Algum veículo arranca-o da
contemplação dá-lhe o tranco algum poste fora alinhamento o reduz em postas
difíceis de se alinhar.
Esbarros, trancos,
solavancos, trombalhões, costelas quebradas são casos de somenos importâncias,
voam embrulhos chapéus, guarda-chuvas, pastas, relógios, chaves com ou sem
molhos, carteiras com ou sem elas. O reboque encarrega-se de apanhar somente o
freguês e com pingente o espetáculo torna-se compungente.
O castigo da traseira
devia ser aplicado pelos pais com um tamanco bem resistente.
Em casos especiais é a
própria traseira do bonde que se encarrega de dar com a dita do garoto no duro
asfalto ou num monte de pedras. Os garotos preferem emendas nas calças, mas não
se emendam. O carro que vier reduzi-los a uma indigesta fritada.
Como você vê, temos que
recorrer a uma escandalosa comparação de Deus com o perigo. Está em toda a
parte.

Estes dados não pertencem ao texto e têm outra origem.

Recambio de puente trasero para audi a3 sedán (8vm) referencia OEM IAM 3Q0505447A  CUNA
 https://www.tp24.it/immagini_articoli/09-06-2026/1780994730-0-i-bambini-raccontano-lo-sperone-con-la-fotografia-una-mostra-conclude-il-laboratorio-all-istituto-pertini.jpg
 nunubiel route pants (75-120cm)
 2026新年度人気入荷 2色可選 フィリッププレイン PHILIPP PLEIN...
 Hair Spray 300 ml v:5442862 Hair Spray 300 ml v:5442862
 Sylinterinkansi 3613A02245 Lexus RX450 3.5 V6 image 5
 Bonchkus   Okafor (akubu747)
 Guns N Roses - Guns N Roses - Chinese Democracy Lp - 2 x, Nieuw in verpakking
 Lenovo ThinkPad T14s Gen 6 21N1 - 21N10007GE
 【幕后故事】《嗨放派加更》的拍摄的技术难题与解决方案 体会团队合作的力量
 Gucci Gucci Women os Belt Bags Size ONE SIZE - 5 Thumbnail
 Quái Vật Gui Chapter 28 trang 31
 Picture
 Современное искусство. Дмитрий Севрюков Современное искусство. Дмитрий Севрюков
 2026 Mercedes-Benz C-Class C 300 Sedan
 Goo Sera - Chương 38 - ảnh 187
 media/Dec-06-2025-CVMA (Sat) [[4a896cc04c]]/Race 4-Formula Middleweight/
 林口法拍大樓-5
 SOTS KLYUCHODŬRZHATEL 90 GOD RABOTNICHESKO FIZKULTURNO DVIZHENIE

Enquanto a Light não inventar
bondes e ônibus
|
de fumaça, temos que andar
com muitas precauções se não quisermos tomar certos bondes especialmente
recomendados para os imprudentes o do Caju e o outro de São João Batista.
Para evitar o atropelo
precisa ter outro "pelo", muito "pelo" mesmo não ser surdo,
nem cego, ainda menos tonto, distraído, apaixonado, apressado e saber dar à
própria vida preço maior que o da passagem do bonde que se tomar.
Ou a Light me agradece estes conselhos gratuítos à sua freguesia ou
então farei o voto de andar sempre a pé... pelos telhados.